New DIR fee rules eliminate clawbacks, but may create cashflow challenges for pharmacies in the first half of 2024.
By this point, pharmacists are well aware of the direct and indirect remuneration (DIR) fee changes that will be implemented at the start of 2024: The Center for Medicare and Medicaid Services (CMS) has issued a final rule eliminating pharmacy benefit managers (PBMs) retroactive application of DIR fees, requiring instead that these fees are reflected in the negotiated price the patient pays at the pharmacy counter. The belief by CMS is that it will create greater transparency for patients and pharmacies—though not everyone is excited about the change.
Some have referred to this as a “DIR hangover”. Essentially, this hangover is higher up-front DIR fees coupled with lower patient copays, which will lead to cash flow issues and financial pain as all pharmacies will receive a low copay.
“The change may provide some relief to pharmacies on both the state and federal level; however, it will create a financial strain for unprepared pharmacies,” said Christopher Holler, PharmD, a pharmacist at Marley Drug in Winston-Salem, North Carolina. “On January 1, 2024, there will be higher up-front DIR fees which will be paired with lower patient copays. This will lead to cash flow issues in the first 2 quarters of the year.
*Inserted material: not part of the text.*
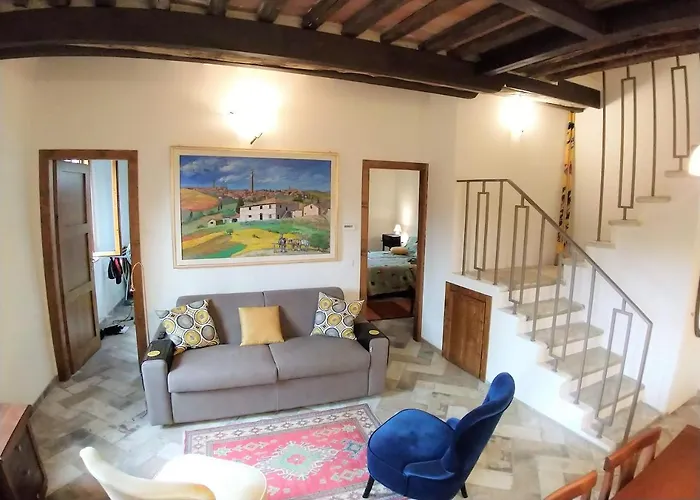 The Aerie - Il Nido Dell Aquila - Central 8Bd Recentely Renovated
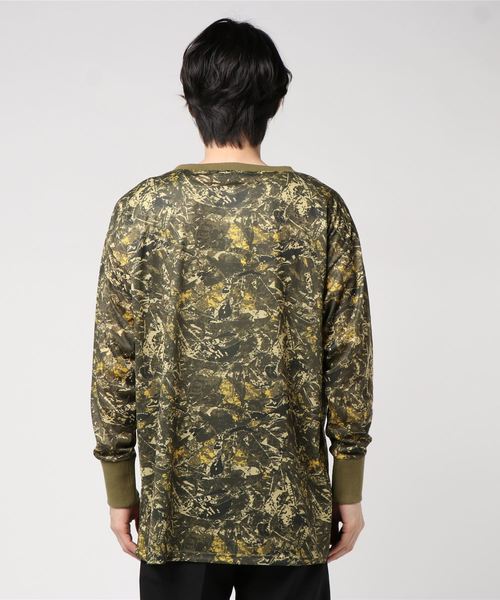 NO ID.（ノーアイディ）の「カモフラルーズロンT（Tシャツ/カットソー・メンズ・ブラック/イエロー/ワイン・1/2）」の22枚目の写真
Pharmacies will need to prepare for this decrease in cash-flow.”
A pharmacy’s particular drug mix is more important than ever to the financial health of the business, and incremental improvements on reimbursement for such drugs can have a substantial impact on a pharmacy’s bottom line.
With the change in the definition of negotiated price approved by CMS, many plans have concluded that the previous form of DIR fee performance programs that have been pervasive since 2016.
Steven L. Bennet, a partner in Frier Levitt’s Healthcare Litigation Practice Group, noted the main takeaway from 2024 networks is lower reimbursement for pharmacies across the board, with few exceptions. “Going forward, we have seen several new performance programs funded by pharmacy fees created by PBMs, but it appears few, if any, plan sponsors have signed up for such a program because CMS has stated that these kinds of pharmacy fees would be considered pharmacy price concessions and would therefore be required to be reported by plans as part of the negotiated price of drugs,” Bennet said. “Thus, these pharmacy fee programs would have negative value to plan sponsors.”
One of the most impactful changes is the lower overall reimbursement in 2024. Therefore, with the possibility that reimbursement may vary wildly for certain specialty drugs, any specialty pharmacies that are still negotiating their 2024 Medicare Part D contracts should contact their pharmacy services administrative organization (PSAO) to discuss how to leverage their access to specialty drugs into impactful rate concessions for 2024.
“Pharmacies associated with a PSAO should reach out to their PSAOs for details about their Part D contracts, as these may vary by PSAO and individual pharmacy,” Bennet said. “Pharmacies should always be aware that their PSAOs are responsible for negotiating the best possible contracts with PBMs…[A]PSAO chooses whether or not to accept the terms offered by PBMs, pharmacies should be discussing these decisions with PSAOs and offering feedback regarding those choices.”
DIR fees are one of many ways PBMs or payers, use a loophole to strip away profits from non-chain or independent pharmacies, according to Neil Owens, president and COO of Medicure, a Canadian pharmaceutical company focused on the development of innovative and affordable therapeutics for the US market.
“Currently, half a year after a pharmacy fills a prescription, PBMs can take back money paid to independent pharmacies via DIR fees,” Owens said. “The PBMs claim this is due to the pharmacy’s performance based on quality measures. The charges may be classified as normal administrative, service, and network access fees.”
Because DIR fees are now upfront, there is no longer retroactive clawback which, Owens explained, can be both good and bad. “Because these fees are not known upfront, DIR fees make balancing the books at a pharmacy quite difficult,” he said. “Once DIR fees are applied, a pharmacy will often lose money on a prescription, especially for branded medications. Pharmacies can limit their impact on DIR fees by filling more 90-day fills and primarily filling generics. However, they are often tied to what/how a prescription is written, and many times this is out of their hands.”
Frier Levitt is still advocating for relief for all pharmacies through amendments to the Part D Act, and urge individual pharmacy owners and associations to continue putting pressure on their legislators to vote in favor of such legislation.
“With respect to political changes, every voice being raised to every politician in Congress is necessary to see positive legislative for pharmacies,” Bennet said. “Members of Congress take seriously feedback from their constituents and the more they hear their constituency agreeing on reimbursement relief for pharmacies, the more of a priority that issue becomes. It is crucial that pharmacies continue to write emails and letters, and to call the offices of their elected federal officials, to push for reform.”